WHAT YOU NEED TO DO
The answer is to consist only of an exact retyping of the lines from the one containing "その他 Zildjian THIN" to the end of the entries, without pictures.

Brief descriptive captions
---------------
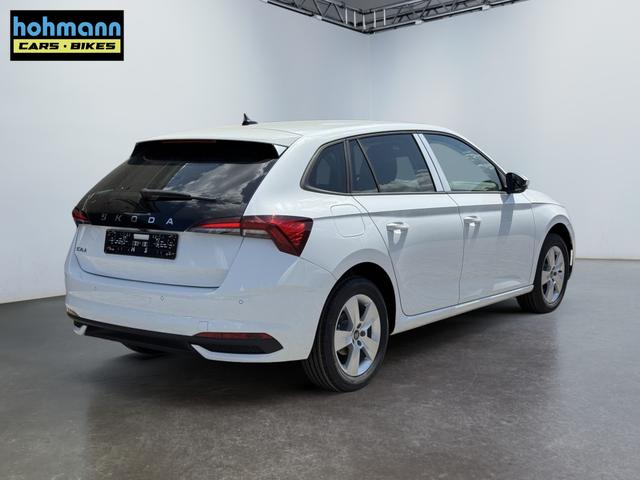 Reimport Skoda Scala Extra Plus 1,5 TSI DSG kaufen 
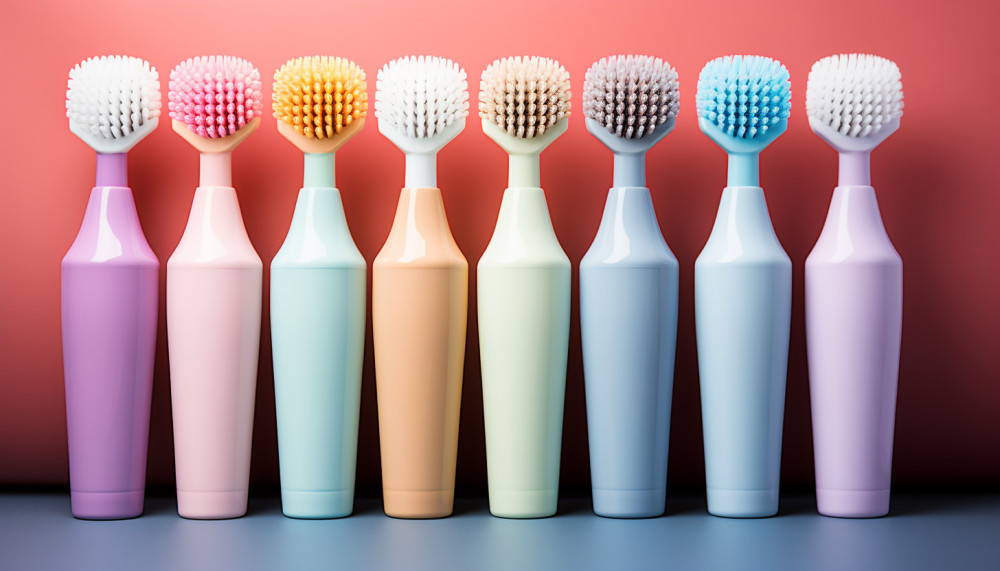 Choix de brosse à dents : comment procéder ?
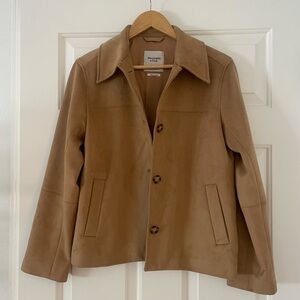 Women's Seude Jacket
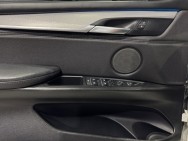 BMW d'occasion X5 M50D de 2015 Narbonne (11)﻿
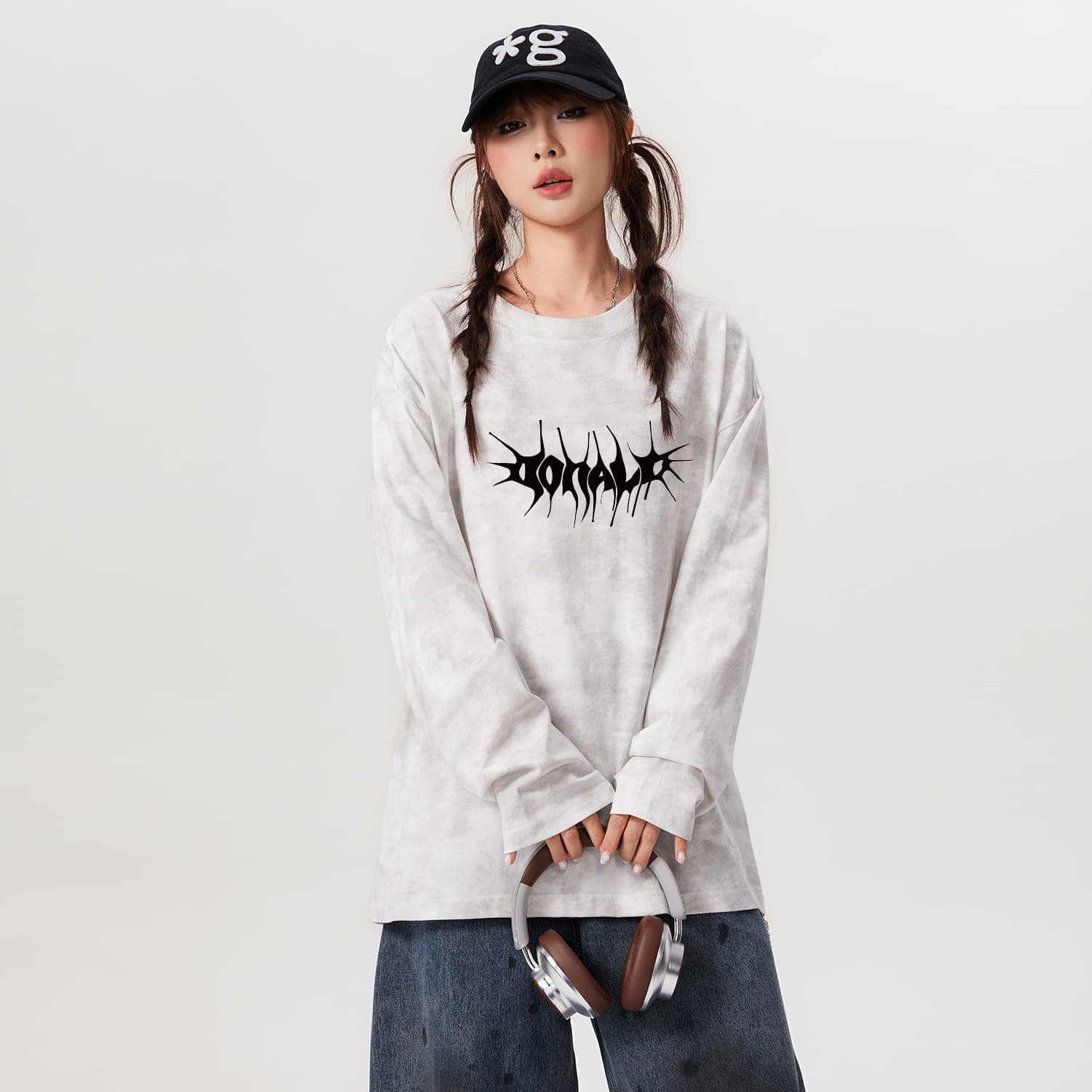 Футболка Disney logo T - изображение 4
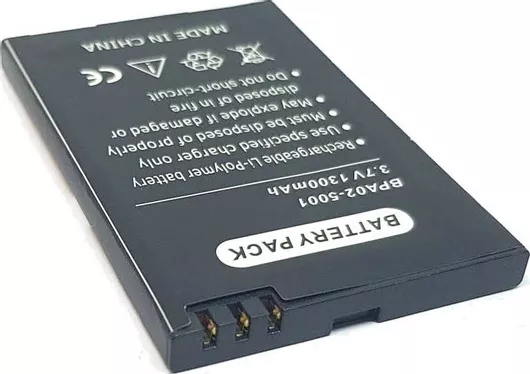 Μπαταρία για MLS Destinator talk and drive live 500 BPA02-5001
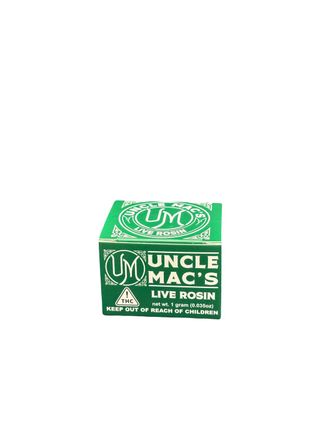 Viper Crumble Uncle Mac's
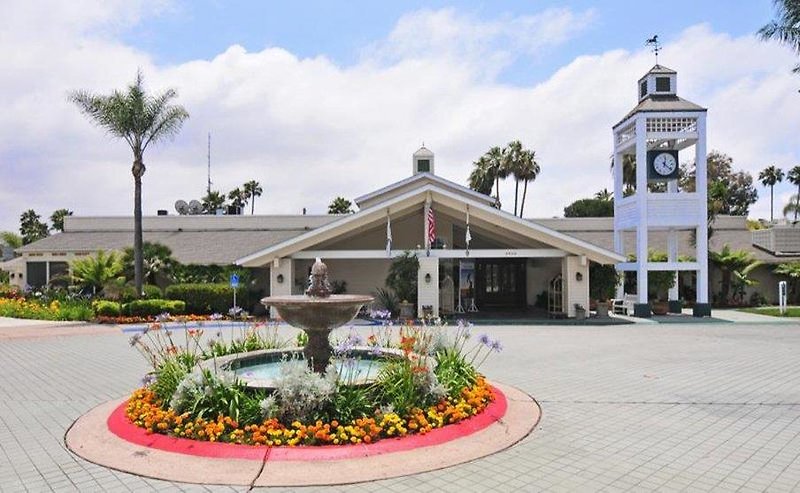 La Valle Coastal Club & Resort,Fairbanks Ranch>>Del Mar,3 star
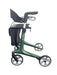 Devonport Carbon Fibre Walker Walkers zest Green  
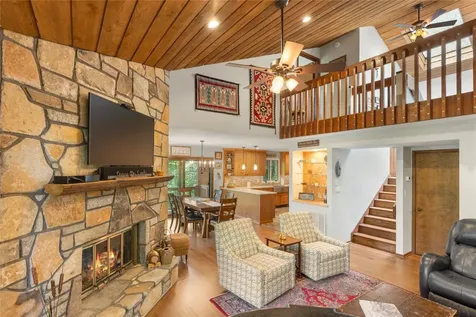 230 Jersey Trail Sapphire NC 28774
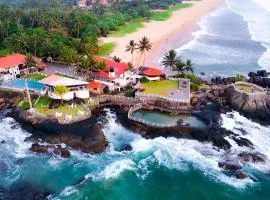 Amara White Villa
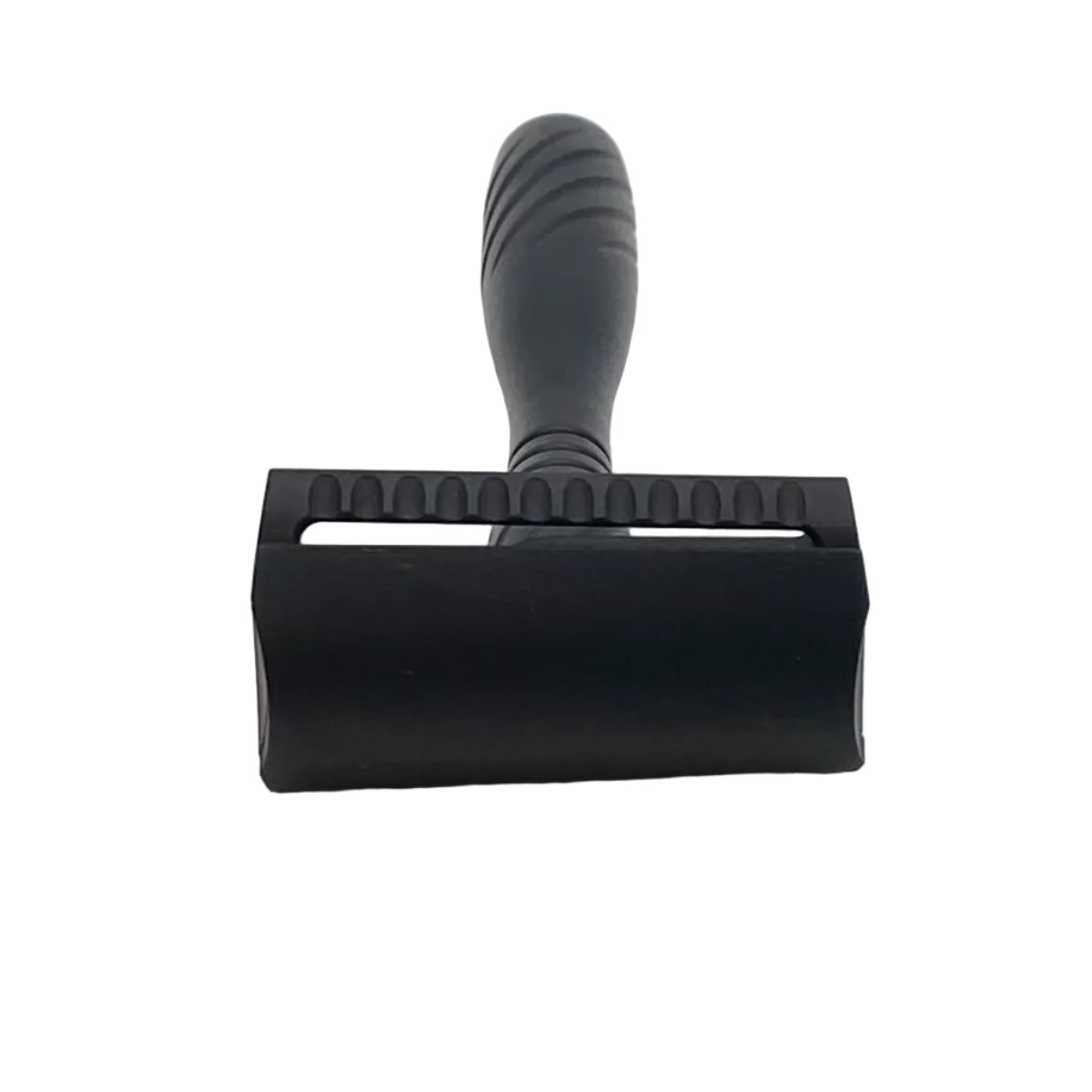 Varukh Helical Slant Aluminum Safety Razor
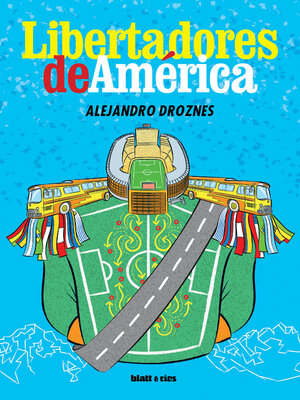 cover image of Libertadores de América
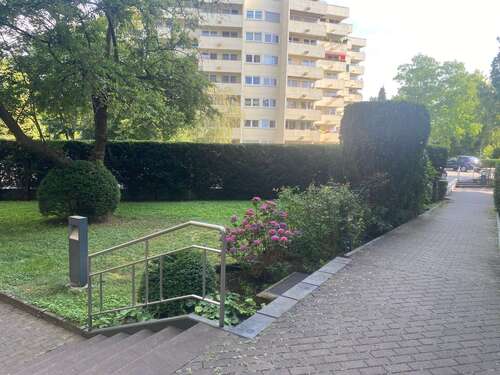 Foto - Wohnung zum Kaufen in Mörfelden-Walldorf 220.000,00 € 65.14 m²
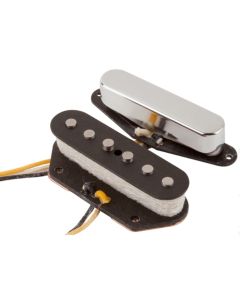 Fender® Cst Shop Texas Special Tele® PU 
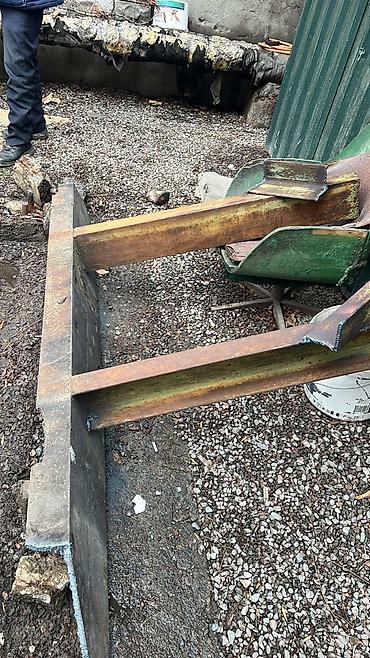 Скупка черного металла: Металлолом, черный металл Прием черного металла: Быстро, Честно — 3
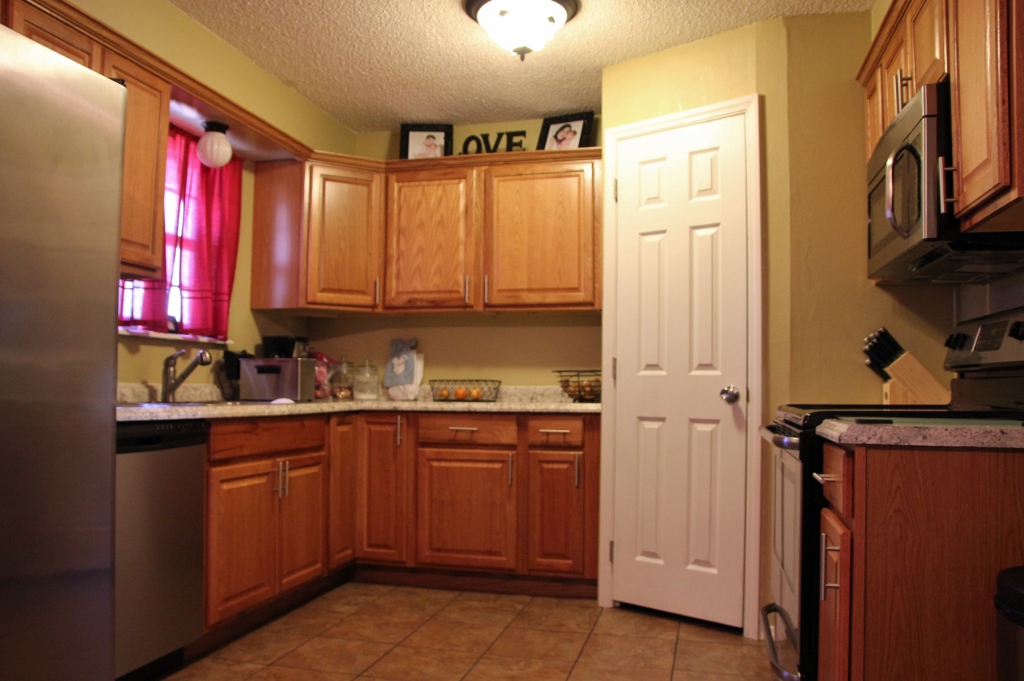1229 Ridgecrest Rd, Altus, OK 73521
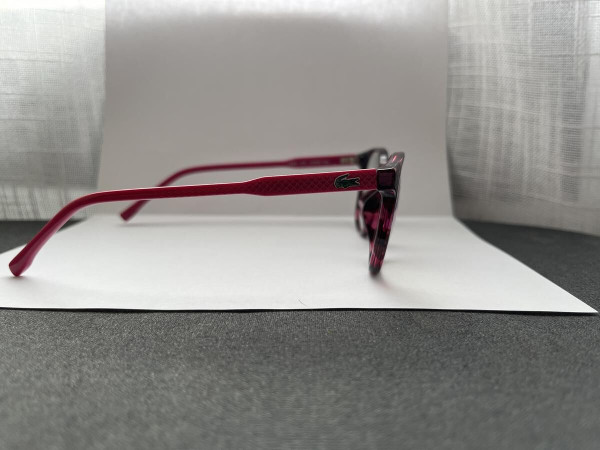 Lacoste - L3622 219 47□18 135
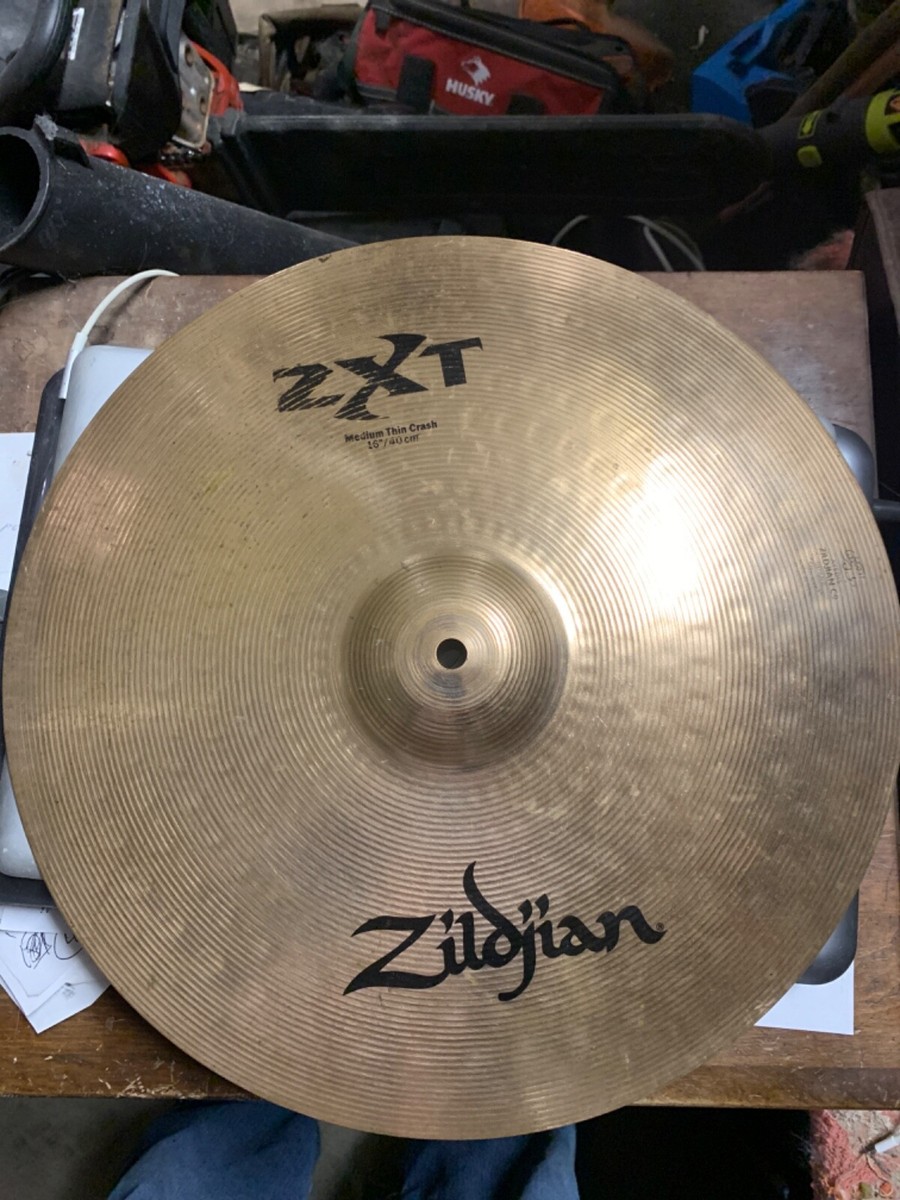 その他 Zildjian THIN CLASH 16 Amazon.com: Zildjian K Series Dark Crash Cymbal - 16 Inches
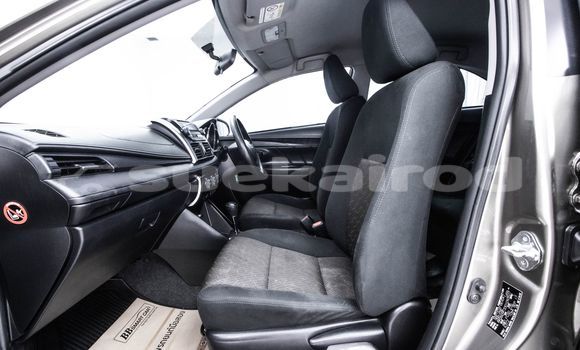 Buy Used Toyota Vios Brown Car in Bangkok in Bangkok Buy Used Toyota Vios Brown Car in Bangkok in Bangkok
---------------
YOUR SOLUTION
 その他 Zildjian THIN CLASH 16 Amazon.com: Zildjian K Series Dark Crash Cymbal - 16 Inches
 Buy Used Toyota Vios Brown Car in Bangkok in Bangkok Buy Used Toyota Vios Brown Car in Bangkok in Bangkok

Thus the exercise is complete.